Asked by Reuters about the possibility of receiving gas deliveries from southern Europe, including Italy and Croatia, a spokesman for the Bavarian regional government said: “We take every opportunity to transport sufficient gas and hydrogen to Bavaria from all directions, including the south.
The spokesperson said the region was aware of plans by gas network operators – which includes Snam – to convert existing gas pipelines so that hydrogen could also be transported from North Africa to Bavaria. passing through Italy and Austria.
“The Bavarian government is aware of ongoing discussions on this topic at federal level. Bavaria is contributing to the continuation of the planning process – also in coordination with grid operators – and remains in close contact with politicians and companies of the countries concerned,” the spokesperson told Reuters.
Markus Kerber, chief strategist of Germany’s center-right CDU party and former state secretary at the interior ministry, said industrial-intensive Bavaria was keen to strike deals to boost its energy security.
“Germany is organizing liquefied natural gas (LNG) terminals and other solutions in the north, but it is not possible to rule out delays or blockages of the infrastructure… This is the reason for which the federal states of southern Germany want a ‘plan B’ to be safe,” said Mr Kerber, former CEO of German business lobby BDI.
An industry source told Reuters that Snam had held discussions with Bavaria to make the network suitable for transporting hydrogen.
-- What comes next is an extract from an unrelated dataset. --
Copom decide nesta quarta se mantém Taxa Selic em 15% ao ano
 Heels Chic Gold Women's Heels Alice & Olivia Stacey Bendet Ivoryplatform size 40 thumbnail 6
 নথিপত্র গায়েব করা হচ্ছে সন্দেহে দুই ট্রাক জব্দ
The Bavarian government said it was actively lobbying the German federal government to support such projects.
Once heavily dependent on Russian gas, Italy now imports the fuel mainly from North Africa, through several shippers, including Eni, and sells surpluses. Last year, the country consumed 67 billion m3 of gas and exported 4.2 billion to Northern Europe, mainly Austria.
The Italian government sees efforts to boost energy infrastructure, which would also include additional LNG terminals and new power lines, as part of its “Mattei Plan” for Africa.
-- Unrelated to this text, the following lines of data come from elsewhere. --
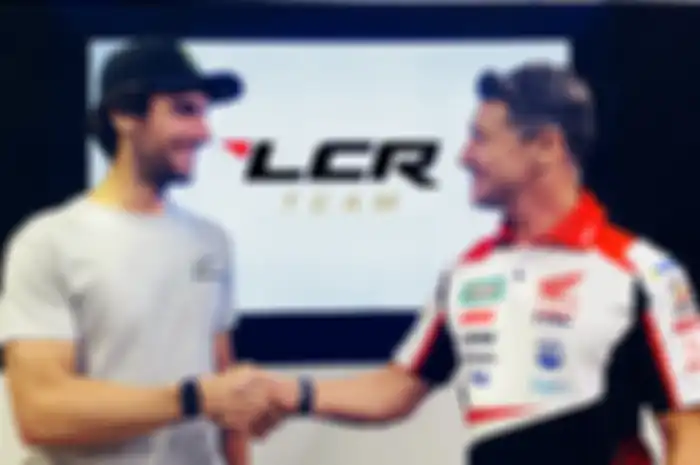 Alex Rins (kiri) bersama bos tim LCR Honda Lucio Cecchinello (kanan) punya banyak alasan gabung skuat Honda satelit LCR Honda Castrol musim depan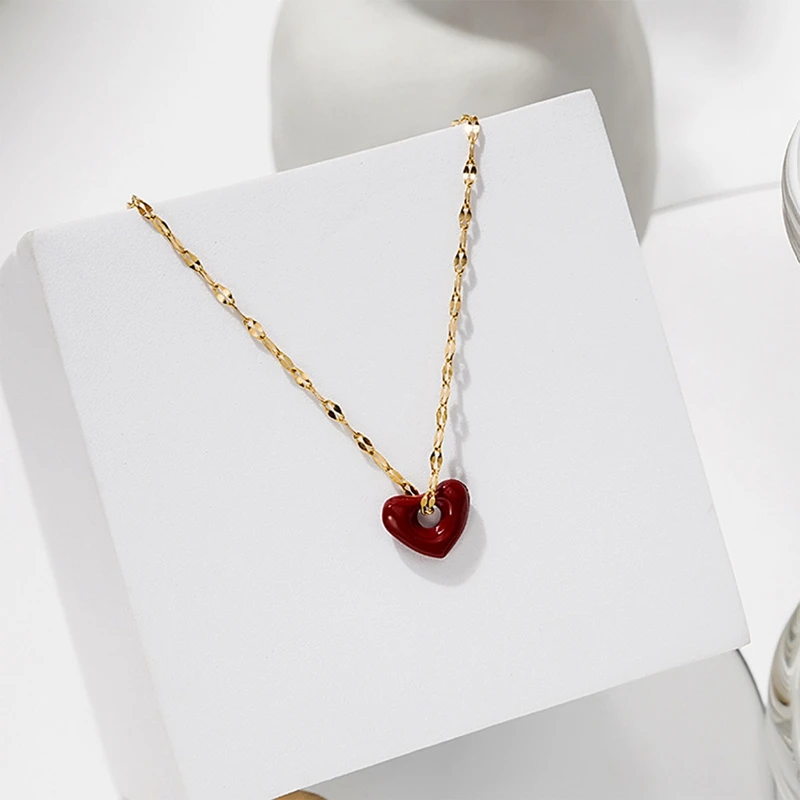 

Retro Wine Red Heart Pendant Necklace French Sweet Women Girls Clavicle Necklace Jewelry Accessories Gift
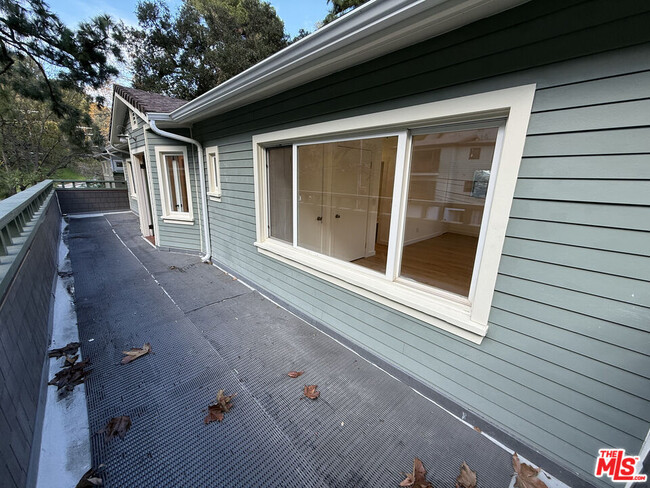 Building Photo - 2232 Laurel Canyon Blvd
Few details are known about the project, named after Eni founder Enrico Mattei, but Meloni said it would help shape future policies aimed at boosting development in Africa, as Italy also seeks to curb mass immigration.
An industry source said the potential for transporting gas from North Africa (Algeria, Libya, Egypt and the eastern Mediterranean) was significant, but Italy needed to get rid of bottlenecks in the network to boost its exports.
This year, Austria has already received gas from the Mediterranean via Italy, a person familiar with the matter told Reuters.
Austrian oil and gas group OMV said it had secured additional gas transport capacity for the next few years, but was not in talks to obtain African gas.
The Hungarian government, which still depends largely on Moscow for its energy, did not respond to a question about whether it had started talks with Italy over gas supplies.